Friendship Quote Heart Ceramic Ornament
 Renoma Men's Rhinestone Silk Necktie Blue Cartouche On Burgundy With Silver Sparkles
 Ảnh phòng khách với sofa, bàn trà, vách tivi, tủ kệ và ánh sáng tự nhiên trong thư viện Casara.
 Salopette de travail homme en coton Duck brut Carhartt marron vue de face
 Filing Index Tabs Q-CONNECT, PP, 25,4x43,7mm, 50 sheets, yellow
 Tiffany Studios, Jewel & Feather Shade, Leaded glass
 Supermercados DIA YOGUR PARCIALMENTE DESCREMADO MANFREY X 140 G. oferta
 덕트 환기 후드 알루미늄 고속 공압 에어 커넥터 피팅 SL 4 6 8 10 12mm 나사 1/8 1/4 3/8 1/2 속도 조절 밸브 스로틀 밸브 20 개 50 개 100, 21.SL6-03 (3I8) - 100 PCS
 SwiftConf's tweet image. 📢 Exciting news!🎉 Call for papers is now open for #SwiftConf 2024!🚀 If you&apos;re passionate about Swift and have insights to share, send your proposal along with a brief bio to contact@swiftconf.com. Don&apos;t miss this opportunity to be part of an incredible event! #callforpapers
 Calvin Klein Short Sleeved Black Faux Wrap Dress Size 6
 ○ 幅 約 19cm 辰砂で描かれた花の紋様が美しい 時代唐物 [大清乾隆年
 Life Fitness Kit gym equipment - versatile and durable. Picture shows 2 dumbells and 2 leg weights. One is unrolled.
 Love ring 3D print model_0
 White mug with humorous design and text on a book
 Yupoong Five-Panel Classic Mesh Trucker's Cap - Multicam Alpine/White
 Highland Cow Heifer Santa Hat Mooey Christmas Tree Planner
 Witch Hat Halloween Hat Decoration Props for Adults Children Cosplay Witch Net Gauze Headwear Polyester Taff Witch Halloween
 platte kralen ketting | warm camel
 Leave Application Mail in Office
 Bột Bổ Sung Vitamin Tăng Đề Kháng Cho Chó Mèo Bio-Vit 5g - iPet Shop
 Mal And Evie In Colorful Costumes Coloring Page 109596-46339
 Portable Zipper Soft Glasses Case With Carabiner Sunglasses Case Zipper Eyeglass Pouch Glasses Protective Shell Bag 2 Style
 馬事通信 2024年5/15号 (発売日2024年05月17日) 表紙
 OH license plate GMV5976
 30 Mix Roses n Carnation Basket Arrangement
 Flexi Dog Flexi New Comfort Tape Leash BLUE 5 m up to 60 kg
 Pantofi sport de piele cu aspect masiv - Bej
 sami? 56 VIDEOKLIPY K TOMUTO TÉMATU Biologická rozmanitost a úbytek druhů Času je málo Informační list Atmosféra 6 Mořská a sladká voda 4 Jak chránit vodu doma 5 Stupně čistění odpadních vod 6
⁂
** Exercise details **
Look above for the line containing "Bột Bổ Sung". Output from there through the line containing "Pantofi sport de piele cu aspect masiv - Bej", exactly and inclusively.

** Solution for this problem **
 Bột Bổ Sung Vitamin Tăng Đề Kháng Cho Chó Mèo Bio-Vit 5g - iPet Shop
 Mal And Evie In Colorful Costumes Coloring Page 109596-46339
 Portable Zipper Soft Glasses Case With Carabiner Sunglasses Case Zipper Eyeglass Pouch Glasses Protective Shell Bag 2 Style
 馬事通信 2024年5/15号 (発売日2024年05月17日) 表紙
 OH license plate GMV5976
 30 Mix Roses n Carnation Basket Arrangement
 Flexi Dog Flexi New Comfort Tape Leash BLUE 5 m up to 60 kg
 Pantofi sport de piele cu aspect masiv - Bej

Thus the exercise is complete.